Hockey is much harder because it is a physical wrestling match on ice. Not to mention the fact that hockey games are much longer and strenuous than swimming races.
Debate Round No. 1
sunside

Pro

unlike hockey, swimming trains year round. The off season is merely a two week break in August. Swimmers are also given a few holidays off including Christmas Day, Thanksgiving, Spring Break, and Labor Day. They can"t take off more time than that because, as swimmers, they have to remain in top shape otherwise the athletes lose strength and speed.

Every time a swimmer competes, he is not only gunning to win his race, he is also trying to improve on his best performance times. Even though swim meets often have team events, swimming is mostly an individual sport. The athlete cannot rely on a teammate to bolster his performance on an off day. A swimmer"s rank is based solely on the individual"s effort during his race, as well as his natural skill pitted against his fellow competitor.
paintballvet18

Con

I thank my opponent for his response.

However, he/she is yet to make an argument unique to swimming.

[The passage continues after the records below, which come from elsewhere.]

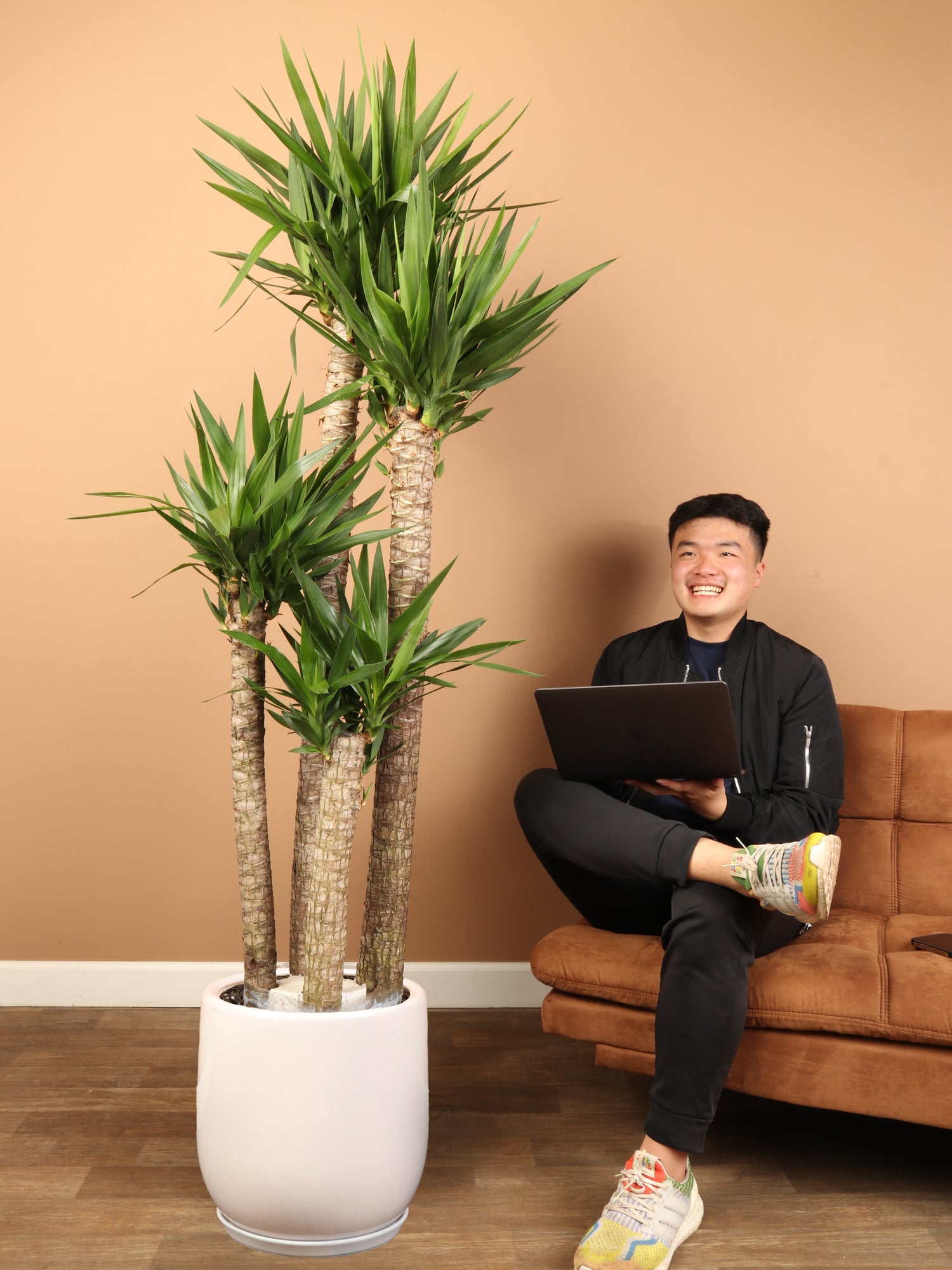 6-8ft Yucca Cane – Dahing Plants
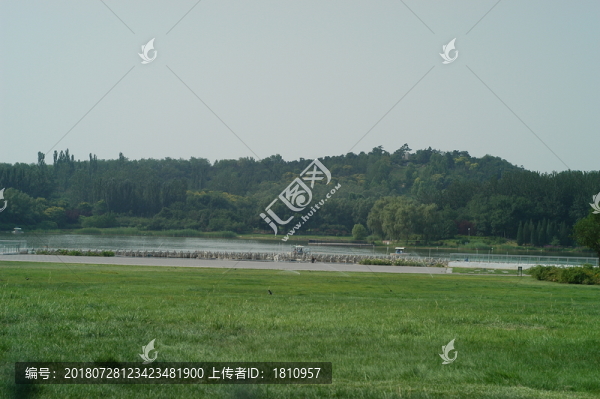 草地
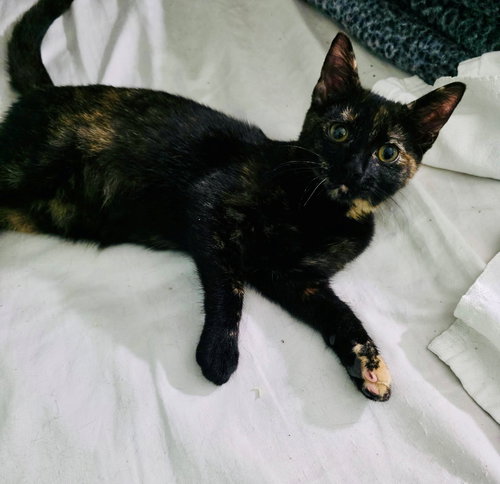 MINERVA BABY - American Shorthair available for adoption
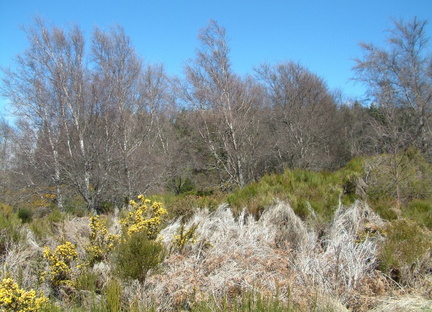 Vegetation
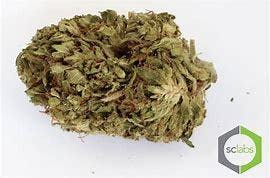 SPECIALS - Chocolope [5g @ $20]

My brother works out physically year round at the same time table described for swimming, so so far, my opponent has not met his burden of proof.

Team sports are much harder than individual sports. The more pieces to a machine, the more complex it gets. This proves to show that hockey being a team sport is harder than swimming.

My opponent fails to refute my point on how hockey is a physical battle, therefore since he can't reply now, this has to be a voting issue in favor of the Con side of the debate.

Vote Con.
Debate Round No. 2
sunside

Pro

I disagree.
In team sports, you can rely on others to make that final winning shot. However, in swimming everything depends on you. You say swim races are short, but that only depends on the race you're swimming, 1500s would be much longer than 50s. In case you didn't know, several olympic swimmers have died before because of their swim practices. That sure hasn't happened for a hockey player. Although hockey may be more 'dangerous' in terms of getting hit by the puck, swimming is more hard on the body during practices.
paintballvet18

Con

My opponent again fails to fulfill his or her burden of proof, therefore you can negate off that. He still hasn't proved why the resolution, swimming is harder than hockey, has been fulfilled.

Therefor, Vote Con.

He restates an argument that is not unique to swimming in Round 3, and fails to refute my points in Round 2.

Therefore, Vote Con.

Your neck can be slashed with a skate. You can take a stick in the forehead and crack it. Hockey is much more dangerous than swimming.

Therefore, Vote Con,

I rest my case.
Debate Round No. 3
sunside

Pro

Hockey may seem more dangerous because it's injuries are visual, but swimming injuries can be much worse. Swimmers have actually died in practices and races, due to lack of oxygen and excess strain on the body. From my research in the worlds most dangerous sports, Swimming is in the top 10 and hockey didn't make the cut. However, this argument is not about which sport is more dangerous but which sport is harder on the body.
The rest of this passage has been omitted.